O Brasil é um país que exige mais, muito mais, do que meia coragem das meias
soluções. É que somos mestres em resolver nossas urgências com adiamentos, há problemas
que não podem esperar 15 minutos e nós transferimos de geração para geração. (1)
Assim somos o país do quase, esbarramos em estadistas que não estadistas, em heróis
que são quase heróis e quase fazemos as coisas vitais e realmente nunca as fazemos. (2)
O “rouba, mas faz” tem na sua essência no quase honesto, pois rouba, mas faz. (3)
Temos também “o ruim com ele, mas pior sem ele” e tantos outros provérbios
populares na mesma senda.
Some-se a tudo isto a nossa herança de violência do Brasil Colonial: de governantes
que maltratavam seus governados, de maridos que maltratavam suas esposas, de senhores
que puniam violentamente os seus escravos, de salteadores que atacavam e feriam viajantes
nas estradas. (4)
Neste cenário de violência e de soluções intermediárias, apelar para o jeitinho é pedir
para a compreensão, para analisar a situação que é diferente da normal, para dar uma solução
diferente do que prevê a norma.
O direito tem o jeitinho como uma categoria fundamental, mas poucos admitem isto.
Nos momentos de não enfrentamento das crises, que são comuns à tibieza das
instituições brasileiras é o jeitinho que se faz, triunfalmente, presente.

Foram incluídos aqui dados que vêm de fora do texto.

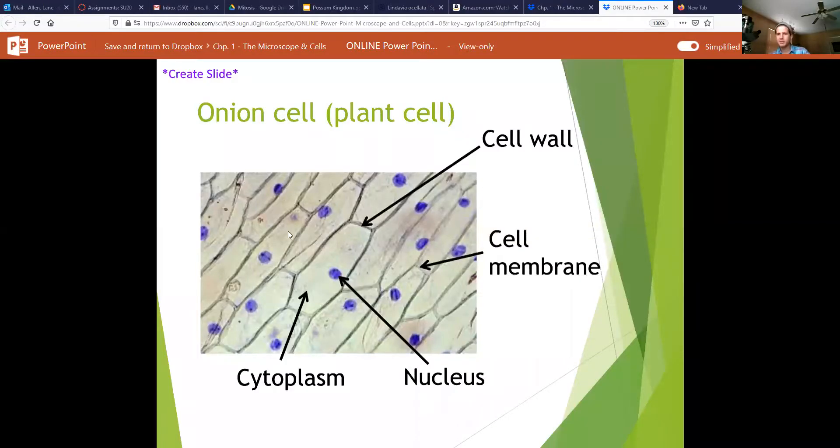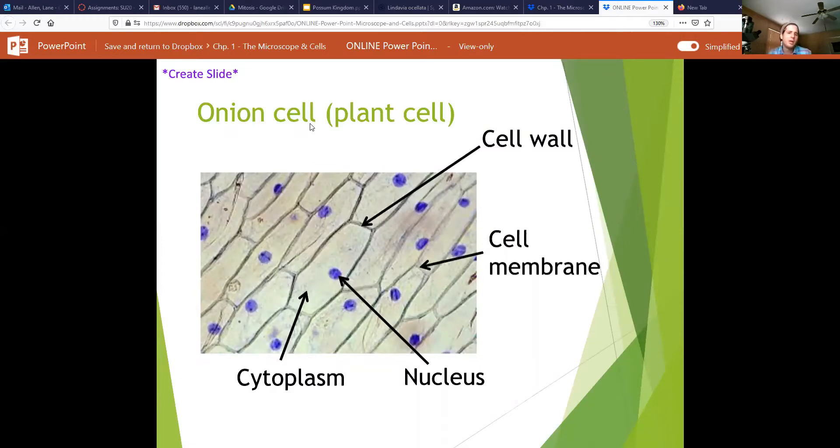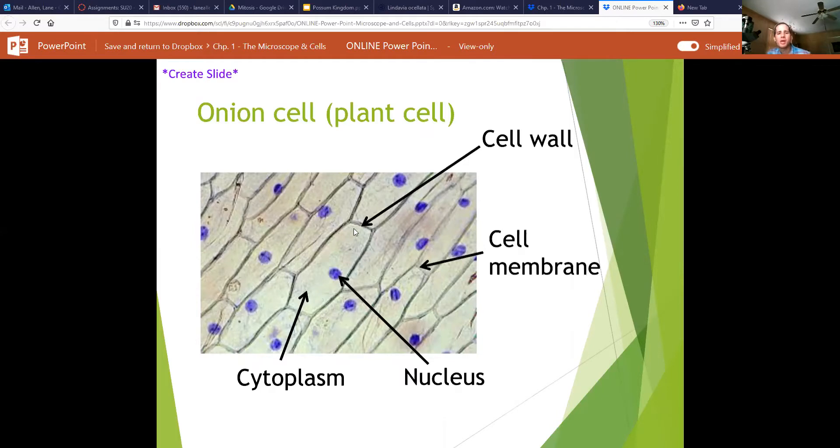All right, let's go to our PowerPoint real quick. So here is an image of our onion cell, and the features that you're going to be looking for on this onion cell are these.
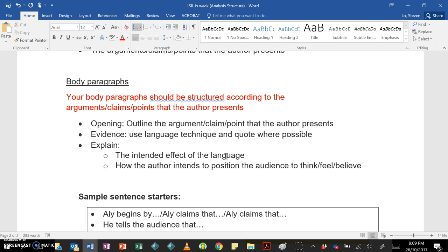Now your topic sentence or your opening should outline the argument, claim, or point that the author presents. So, for example, if we're going to relate it to what we've been looking at in class, you might say something like, Waleed Ali's final point is that the Australian public needs to unify and love one another rather than cause disunity by speaking up against Muslims. You can tell I'm kind of just going off the top of my head. But you get what I mean, right? You need to outline the argument, claim, or point. Sorry, I should have put that in a more fluent way.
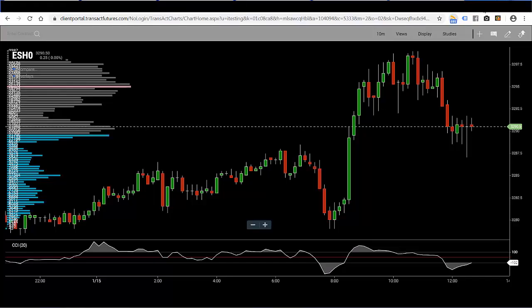Placing a limit order on the Infinity AT charts is very easy. This is a 10-minute candle chart of the E-mini S&P March 2020 contract. Let's go ahead and activate the trading area on the chart.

A norma constitucional prevê garantias e proíbe condutas, mas na hora da sua
aplicação faz-se necessário o jeitinho, para burlar o que ela originalmente previu.
Cria-se a ilusão ou fantasia jurídica de que não é bem isto que a norma quis dizer e
assim afasta-se a sua incidência.
Temos uma sociedade violenta, na qual as leis e as instituições são, ora rígidas, ora
frouxas, dependendo dos interlocutores, das situações e das classes sociais envolvidas.
Uma Constituição e uma República do quase.
Um presidente, que diz uma coisa e faz outra e vice-versa, um Supremo e o Congresso
que não enfrentam tais erraticidades e fingem que a Constituição não quis dizer bem isto.
O Ministério Público Federal investiga passeatas que pretendem um novo AI 5 com o
fechamento do Judiciário e do Legislativo, mas o personagem principal não será investigado.
Em movimentos profundamente contraditórios, ignora-se a gravidade da Pandemia.
A Constituição, o direito à saúde pública e o direito à vida tornaram-se um quase
constitucional.
Referências:
1.RODRIGUES, Nelson. O reacionário: memórias e confissões. Rio de Janeiro: Record, 1977, p.
86-86.
2. RODRIGUES, ___, p. 87-88.
3. BARBOSA, Lívia. O jeitinho brasileiro: a arte de ser mais igual do que os outros. Rio de
Janeiro: Elsevier, 2006, p. 55.
4. SILVA, Maria Beatriz Nizza. Vida privada e quotidiano no Brasil: na época de D. Maria e D.
João VI. Lisboa: Estampa, 1995, p. 307.